Start of Data supplied

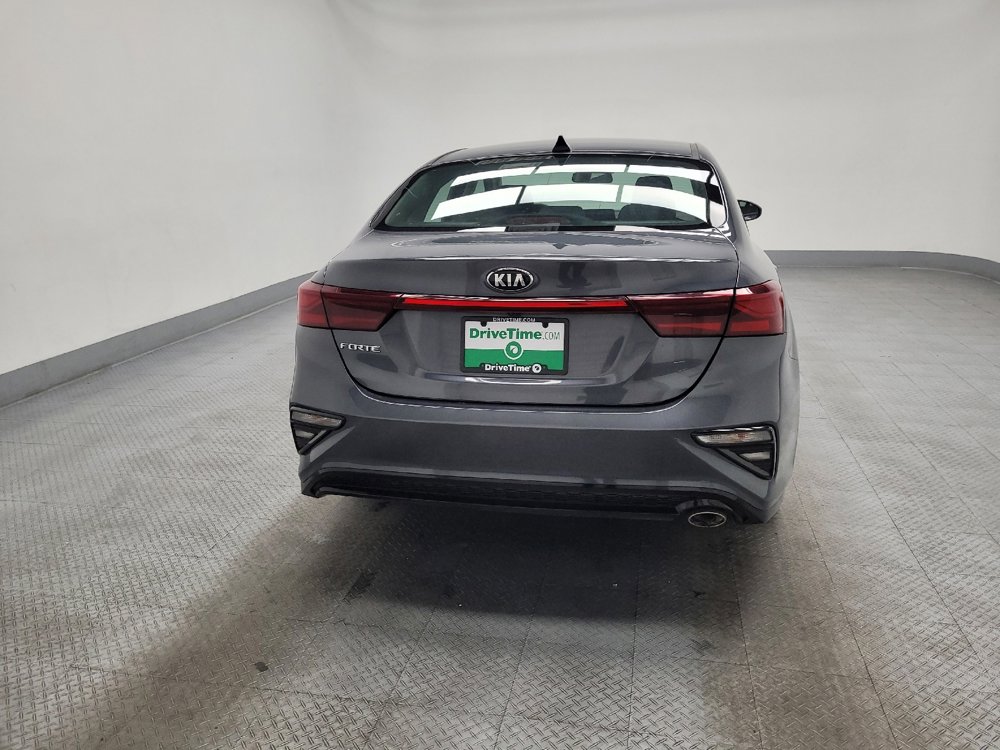 Used 2021 Kia Forte LXS FWD image 7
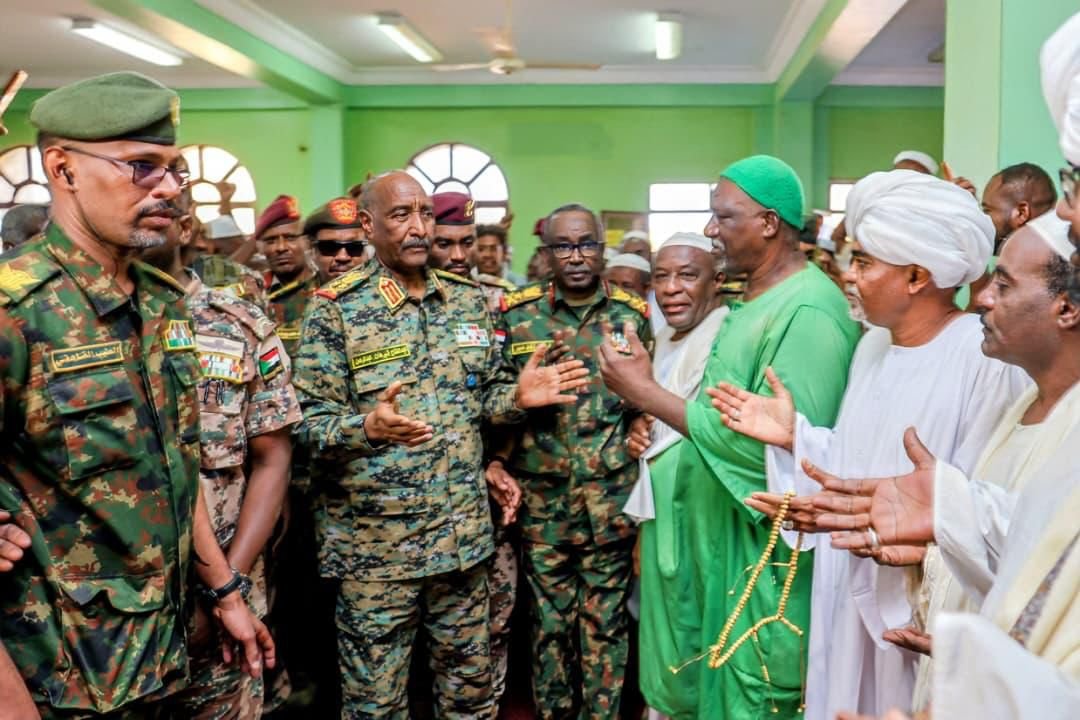 البرهان من عزاء الشيخ الطيب الجد يتحدث عن إلصاق تهمة بأهل الطرق الصوفية ويوجه دعوات للم شمل السودانيين البرهان من عزاء الشيخ الطيب الجد يتحدث عن إلصاق تهمة بأهل الطرق الصوفية ويوجه دعوات للم شمل السودانيين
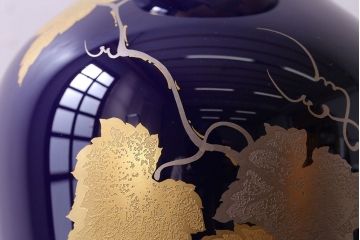 アンティーク雑貨　中古美品　大倉陶園　瑠璃(ルリ)金蝕葡萄　気品漂う花瓶(箱付き)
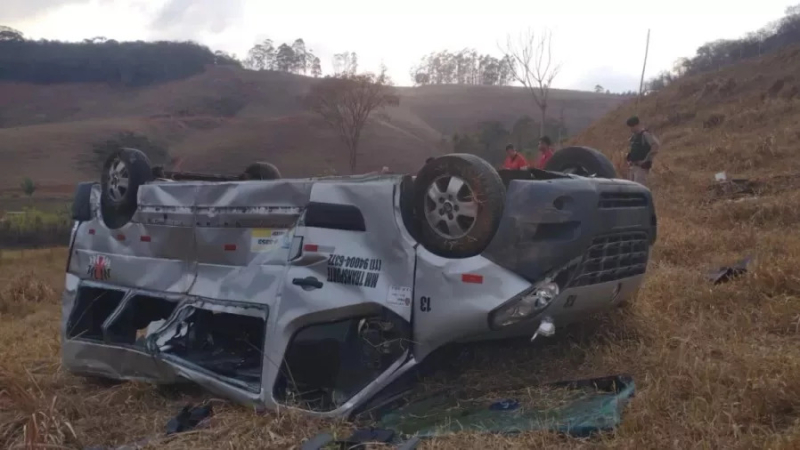 Van capota a caminho de velório e deixa dois mortos e 14 feridos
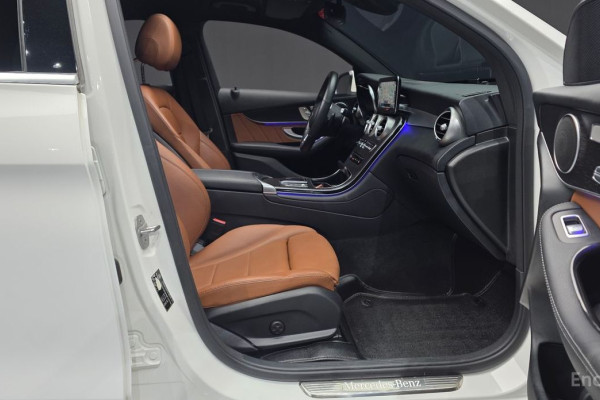 2021 Mercedes-Benz GLC с пробегом 84 705 км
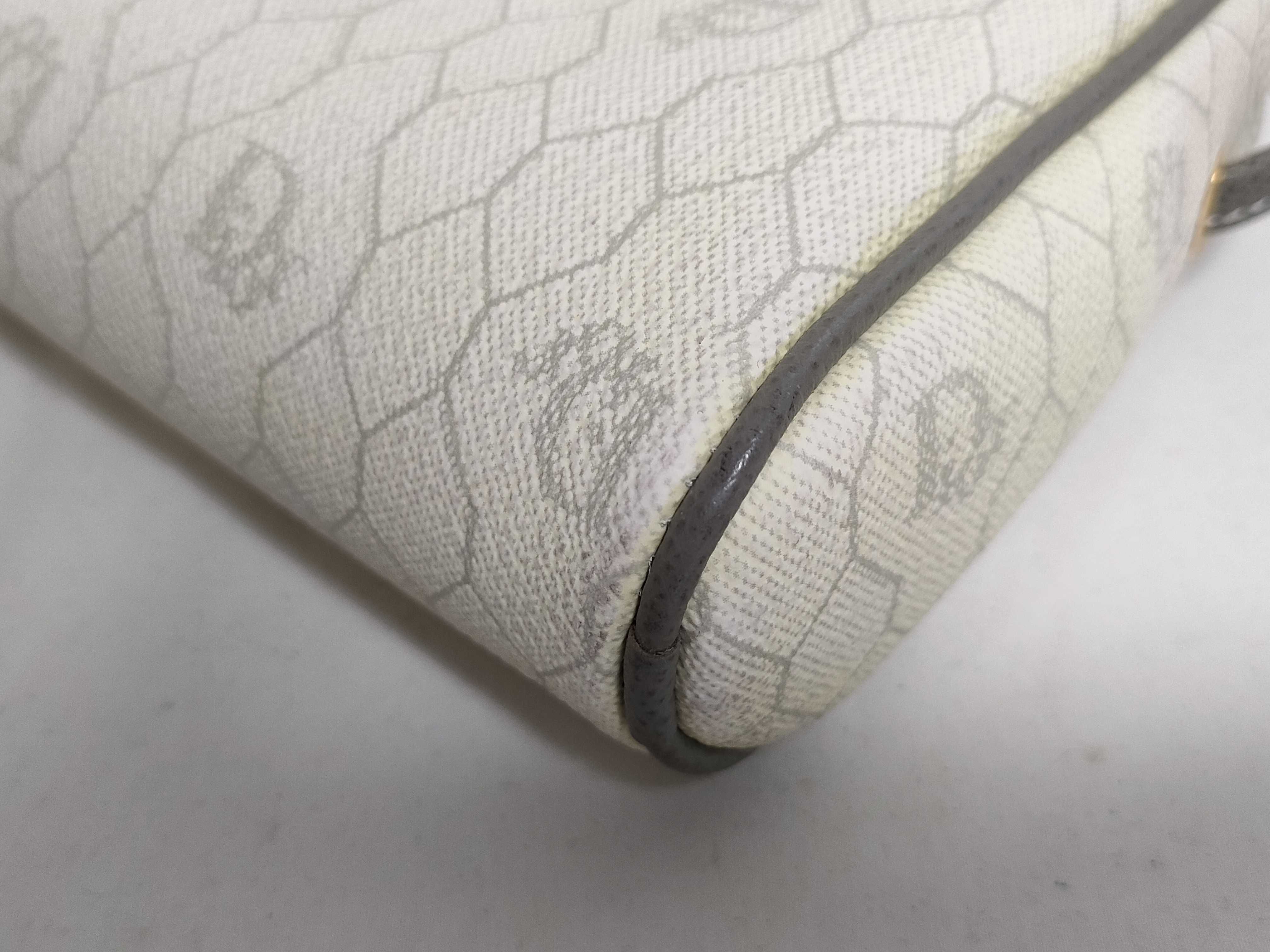 Vintage Shoulder Bag (Slightly Faded) — view 7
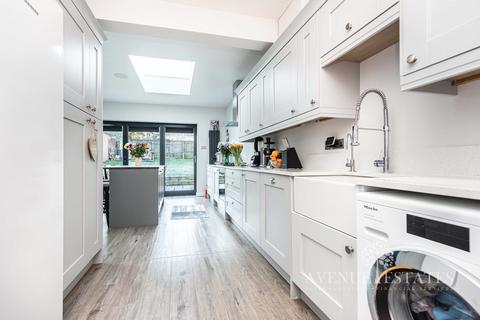 3 bedroom bungalow for sale, Wakefield Avenue, Bournemouth BH10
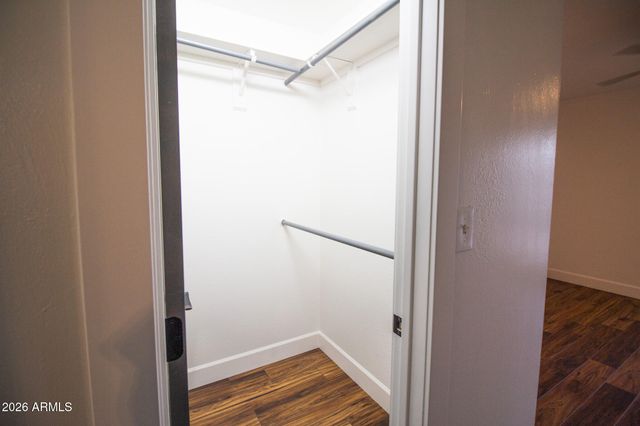 1701 W TUCKEY Lane 208, Phoenix, AZ 85015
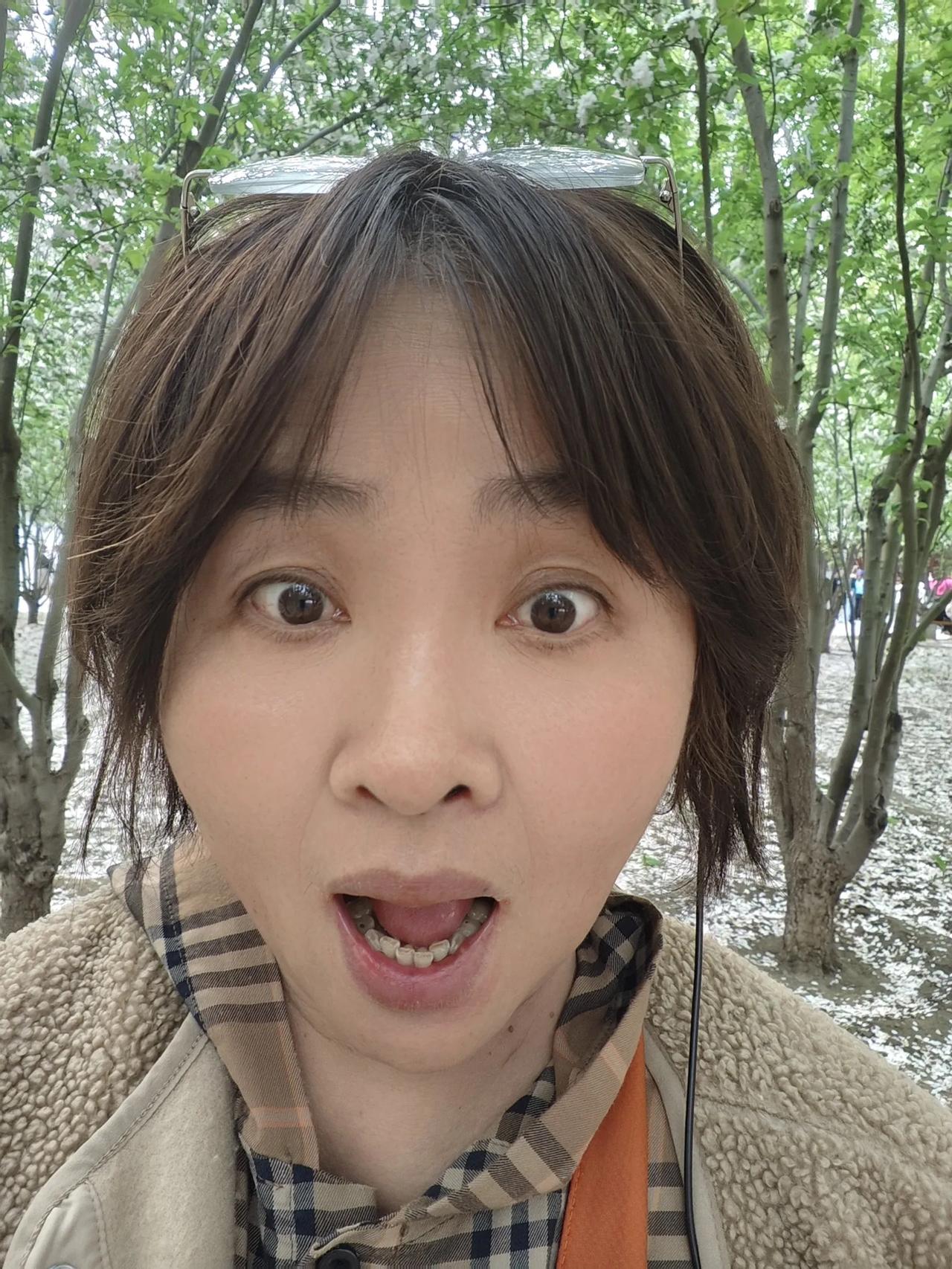 对于你现在的生活状态，给我两个字逍遥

End of Data supplied

## [Exercise objective]
Pictures excluded, write out exactly and only the lines of the material from the one containing "Vintage Shoulder Bag" up to and including the last line.

## [Written response]
 Vintage Shoulder Bag (Slightly Faded) — view 7
 3 bedroom bungalow for sale, Wakefield Avenue, Bournemouth BH10
 1701 W TUCKEY Lane 208, Phoenix, AZ 85015
 对于你现在的生活状态，给我两个字逍遥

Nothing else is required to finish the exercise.